Human Rights



Epilogue: India At The Millennium: A Comment And Warning

 

We believe that the evidence of mass disappearances and state impunity in Punjab as described in this report warrants international attention. Despite public proclamations as to the democratic nature of the Indian state and its commitments to protect human rights, the Indian government's treatment not only of the Sikh population of Punjab but of human rights workers attempting to investigate abuses undermines its credibility. A human tragedy on the probable scale of many of the great tragedies of history has occurred in Punjab, and we do a severe disservice to those who have suffered and to those who yet may suffer when we ignore evidence to the effect that all is not well in India.

The Sikhs, though they have served India with nobility in the past, are today a scorned community there. A spate of politically orchestrated propaganda against Sikhs has resulted in the stereotype of all Sikhs as traitors and terrorists, though only a tiny fraction of them actually participated in the recent separatist insurgency. Hatred of Sikhs has become acceptable in the realm of public discourse across nearly all circles of life in India. Both of us have experienced the censure of our colleagues for our involvement in documenting human rights abuses perpetrated against Sikhs; we recall that "nigger lover" was a common accusation hurled at early civil rights workers in the United States and find the social isolation of those expressing solidarity with Sikh victims in India hauntingly reminiscent. More frighteningly, we note that the virulent anti-semitism that led to the Nazi holocaust was in the 1930's itself a widely accepted discourse from which few academics, clerics or activists dissented. We deeply fear an eliminationist undercurrent of feeling in India, directed at all the non-Hindu minorities, which provides the ground against which illegal executions not only take place but are purposefully ignored by the bulk of the population which in fact acquiesces in the idea that the Sikhs need to be taught a lesson.

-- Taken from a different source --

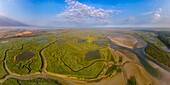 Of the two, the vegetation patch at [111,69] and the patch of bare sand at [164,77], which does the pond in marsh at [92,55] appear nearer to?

Noting the disdain for world opinion expressed in the Indian government's recent nuclear tests, and noting a continuing pattern of abuse in Kashmir and the north-eastern states, we call on concerned people everywhere to attend to developments in India that are not consonant with human welfare and human life. We ask that India be urged to live up to its founding ideals by allowing and indeed supporting a full-scale accounting of atrocities in Punjab as a first step toward accountability, healing, and the restoration of democracy. We believe that respect for human rights and accountability for abuses thereof will be the only long-term guarantee of stability and peace in this important and volatile - and now nuclear - region of the world.